Besides intellectual and experiential knowledge, “know” is often used idiomatically. For example, it can mean “to care about,” “to act lovingly toward.” Thus, Psalm 144:3 (YLT 1862/87/98) says, “what is man that Thou knowest him,” while the NIV(2011) translates that in a way that recognizes the idiom: “what are human beings that you care for them?” Similarly, Proverbs 12:10 (YLT) says, “The righteous man knoweth the life of his beast,” while the NIV(2011) has, “The righteous care for the needs of their animals.” When a word like “know” is used with a more expansive meaning than just its dictionary definition, scholars sometimes say it has a “pregnant sense.”

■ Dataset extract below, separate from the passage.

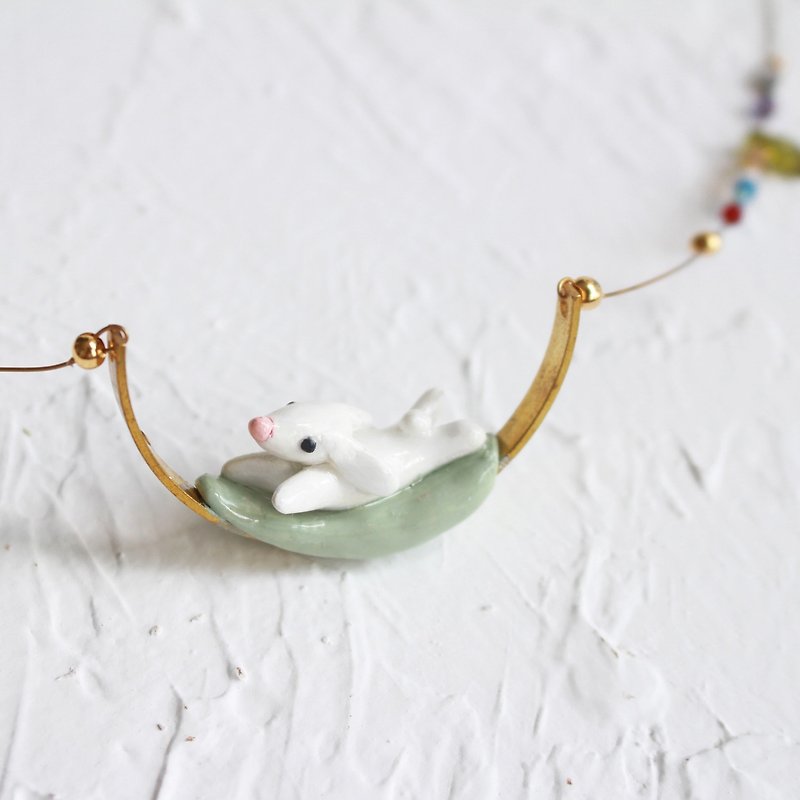 Rabbit handmade necklace I Story_Ocean Love - Necklaces - Other Materials White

The word “know” is also used idiomatically for sexual intercourse. For a man to have sexual intercourse with a woman was to “know” her experientially, and often deeply intellectually as well (see commentary on Matt. 1:25). Many words in the Bible are occasionally used with an idiomatic or pregnant sense, for example, “remember,” “look” and “watch” (see commentary on Luke 23:42).

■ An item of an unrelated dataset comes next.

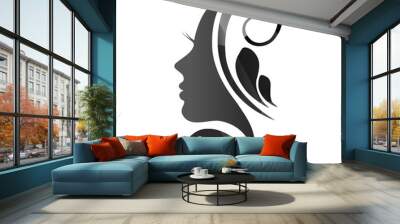 face of a beautiful woman's profile Wall mural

“knowing good and evil.” The fact that humans have an inherent knowledge of good and evil is very important in understanding the responsibility that humans have toward God. God holds people responsible for finding Him and then showing love and honor to Him by serving Him.

The knowledge of good and evil can move from the inherent to the intellectual via some very basic things: for example, we know that it hurts if people steal from us so we know not to steal from others. We know that it hurts when people lie about us, so we know not to lie to others. The basic understanding of good and evil is why law codes from all ages and all cultures have a deep similarity—although it happens that people and leaders can become so hard and selfish that their conscience becomes cauterized and they follow a path of hurt and pain (1 Tim. 4:2). The inherent knowledge of good and evil is why even children know quickly if a person is good and kind or selfish and hurtful. The inherent and internal basic knowledge of good and evil is why God says that people can do “by nature” the things in the Law that He gave from heaven: “indeed when Gentiles who do not have the law do by nature the things of the law, these, not having the law, are a law to themselves” (Rom. 2:14).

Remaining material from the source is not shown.